The current porcini glut poses a dilemma for the fortunate hunter: how to make the most of the sudden bounty. Luckily porcini are one of the few fresh foods to be positively improved by drying . . .
Desicating food is one of the most ancient forms of preservation. Water is essential for all life, so removing this prevents most decay (think of Egyptian mummies). It is also the perfect way to store many fungal bounties. This is a well-established food preservation technique in hot, dry, climates, but for obvious reasons it is less culturally-established in many of the cooler, damper, parts of the Northern Hemisphere.
In reality it is easy to do in virtually anywhere, providing one follows the basic rules of circulating as much dry air as possible around the mushrooms. It is possible to dry small specimens whole, but speed is of the essence(microscopic fungi in the form of moulds start to attack bigger specimens as soon as they are harvested), so larger mushrooms should be sliced thinly. The mushrooms should then be spread out across a wire rack or threaded on cotton, making sure the slices don’t touch. They should then be placed above a very gentle heat source – suspended above a stove or radiator, for example or placed in an airing cupboard.
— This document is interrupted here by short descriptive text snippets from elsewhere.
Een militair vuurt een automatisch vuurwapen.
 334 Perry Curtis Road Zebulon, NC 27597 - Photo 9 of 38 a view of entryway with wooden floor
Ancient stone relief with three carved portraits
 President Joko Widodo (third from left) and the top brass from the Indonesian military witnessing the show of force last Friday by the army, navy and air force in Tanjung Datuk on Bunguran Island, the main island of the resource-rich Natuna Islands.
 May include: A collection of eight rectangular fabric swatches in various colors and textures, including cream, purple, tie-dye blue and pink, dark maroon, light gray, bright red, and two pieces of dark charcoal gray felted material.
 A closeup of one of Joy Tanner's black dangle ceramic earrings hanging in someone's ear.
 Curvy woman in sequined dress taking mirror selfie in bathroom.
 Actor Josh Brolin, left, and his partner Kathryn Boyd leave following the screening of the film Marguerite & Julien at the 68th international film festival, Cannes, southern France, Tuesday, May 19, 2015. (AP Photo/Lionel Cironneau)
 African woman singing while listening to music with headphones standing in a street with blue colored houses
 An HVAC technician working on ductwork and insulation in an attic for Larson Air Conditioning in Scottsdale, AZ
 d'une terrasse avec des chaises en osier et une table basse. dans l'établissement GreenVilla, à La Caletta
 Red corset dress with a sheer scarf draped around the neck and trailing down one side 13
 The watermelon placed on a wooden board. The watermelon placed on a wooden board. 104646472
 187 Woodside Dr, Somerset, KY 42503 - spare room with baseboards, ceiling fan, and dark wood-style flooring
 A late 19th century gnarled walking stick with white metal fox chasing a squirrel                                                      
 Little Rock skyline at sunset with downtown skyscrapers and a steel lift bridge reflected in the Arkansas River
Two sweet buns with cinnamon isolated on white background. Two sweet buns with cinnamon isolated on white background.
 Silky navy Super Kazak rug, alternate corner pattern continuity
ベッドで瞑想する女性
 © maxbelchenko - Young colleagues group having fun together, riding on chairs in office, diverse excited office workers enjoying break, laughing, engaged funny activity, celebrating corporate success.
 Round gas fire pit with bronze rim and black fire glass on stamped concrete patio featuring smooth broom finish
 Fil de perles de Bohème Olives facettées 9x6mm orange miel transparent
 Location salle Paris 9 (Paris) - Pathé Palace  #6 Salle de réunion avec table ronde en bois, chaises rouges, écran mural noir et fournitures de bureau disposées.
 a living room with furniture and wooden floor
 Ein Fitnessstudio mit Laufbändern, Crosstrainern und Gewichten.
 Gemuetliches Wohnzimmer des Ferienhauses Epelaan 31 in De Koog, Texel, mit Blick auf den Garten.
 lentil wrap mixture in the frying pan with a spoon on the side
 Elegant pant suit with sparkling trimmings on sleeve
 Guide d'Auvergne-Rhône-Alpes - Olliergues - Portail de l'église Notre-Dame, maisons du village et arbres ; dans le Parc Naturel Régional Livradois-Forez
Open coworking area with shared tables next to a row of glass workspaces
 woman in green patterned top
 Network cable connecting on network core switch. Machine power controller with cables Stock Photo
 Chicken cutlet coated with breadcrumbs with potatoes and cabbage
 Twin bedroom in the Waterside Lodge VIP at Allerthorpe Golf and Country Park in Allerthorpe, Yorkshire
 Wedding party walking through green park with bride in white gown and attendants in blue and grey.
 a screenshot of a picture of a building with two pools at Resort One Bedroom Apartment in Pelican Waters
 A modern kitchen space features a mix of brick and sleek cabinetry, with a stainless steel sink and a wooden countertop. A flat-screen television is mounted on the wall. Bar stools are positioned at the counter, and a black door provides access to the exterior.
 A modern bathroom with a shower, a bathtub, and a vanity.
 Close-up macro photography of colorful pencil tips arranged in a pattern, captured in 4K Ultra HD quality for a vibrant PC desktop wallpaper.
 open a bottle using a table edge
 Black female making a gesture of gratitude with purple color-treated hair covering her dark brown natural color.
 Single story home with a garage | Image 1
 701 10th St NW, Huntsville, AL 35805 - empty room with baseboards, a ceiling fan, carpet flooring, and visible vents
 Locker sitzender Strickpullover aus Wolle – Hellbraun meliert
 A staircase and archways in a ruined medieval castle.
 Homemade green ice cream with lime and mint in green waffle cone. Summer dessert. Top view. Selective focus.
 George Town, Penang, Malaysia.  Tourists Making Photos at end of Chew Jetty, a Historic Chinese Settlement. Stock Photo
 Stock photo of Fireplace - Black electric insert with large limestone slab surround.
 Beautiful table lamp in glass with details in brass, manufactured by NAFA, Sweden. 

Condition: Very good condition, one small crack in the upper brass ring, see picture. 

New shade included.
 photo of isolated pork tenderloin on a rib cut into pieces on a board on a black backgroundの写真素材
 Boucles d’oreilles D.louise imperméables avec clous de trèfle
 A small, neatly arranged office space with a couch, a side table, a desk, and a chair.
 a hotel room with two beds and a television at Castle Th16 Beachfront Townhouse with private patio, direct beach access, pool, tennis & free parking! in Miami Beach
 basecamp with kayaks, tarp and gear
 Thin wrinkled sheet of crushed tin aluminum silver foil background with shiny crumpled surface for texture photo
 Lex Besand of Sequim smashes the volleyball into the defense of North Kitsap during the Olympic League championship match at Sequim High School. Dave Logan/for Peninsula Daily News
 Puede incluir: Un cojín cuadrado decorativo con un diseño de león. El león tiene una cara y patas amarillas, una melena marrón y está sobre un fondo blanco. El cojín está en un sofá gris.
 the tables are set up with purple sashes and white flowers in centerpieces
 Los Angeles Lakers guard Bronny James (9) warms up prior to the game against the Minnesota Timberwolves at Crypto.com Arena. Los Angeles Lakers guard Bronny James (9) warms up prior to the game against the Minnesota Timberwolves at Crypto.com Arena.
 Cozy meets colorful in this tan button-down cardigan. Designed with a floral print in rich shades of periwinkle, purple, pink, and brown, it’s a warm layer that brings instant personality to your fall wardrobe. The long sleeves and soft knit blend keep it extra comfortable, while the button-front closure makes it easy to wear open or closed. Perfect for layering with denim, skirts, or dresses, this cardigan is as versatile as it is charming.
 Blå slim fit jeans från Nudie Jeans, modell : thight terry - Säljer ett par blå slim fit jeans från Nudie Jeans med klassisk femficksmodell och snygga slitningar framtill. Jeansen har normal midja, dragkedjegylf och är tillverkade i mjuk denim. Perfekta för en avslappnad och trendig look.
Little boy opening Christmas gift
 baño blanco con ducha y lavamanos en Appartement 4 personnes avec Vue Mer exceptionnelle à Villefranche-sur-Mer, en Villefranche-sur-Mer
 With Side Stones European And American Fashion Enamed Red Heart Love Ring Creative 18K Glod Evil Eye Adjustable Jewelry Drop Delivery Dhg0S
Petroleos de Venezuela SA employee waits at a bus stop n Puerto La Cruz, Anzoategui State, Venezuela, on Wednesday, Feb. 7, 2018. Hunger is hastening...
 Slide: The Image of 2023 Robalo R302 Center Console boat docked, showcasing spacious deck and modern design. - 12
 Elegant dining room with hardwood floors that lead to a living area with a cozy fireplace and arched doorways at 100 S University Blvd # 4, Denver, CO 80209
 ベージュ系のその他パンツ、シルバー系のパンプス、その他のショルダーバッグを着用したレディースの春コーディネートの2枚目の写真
There are plenty of dessicating machines on the market, but many of these tend to be geared towards drying more challenging produce such as meat, fruit and vegetables. As a result they can use too much heat, even at their lowest settings, and end up toasting the mushrooms. Similarly, although some books suggest drying in an oven on its lowest heat with the door open, this tends to be too fierce. Keen woodworkers can also try sun-drying, although this is tricky in most British autumns. One answer is to make a drying chamber by paining the inside of a wooden box black and fitting a glass front – but do make sure there is plenty of ventilation to ensure a good airflow around the fungi.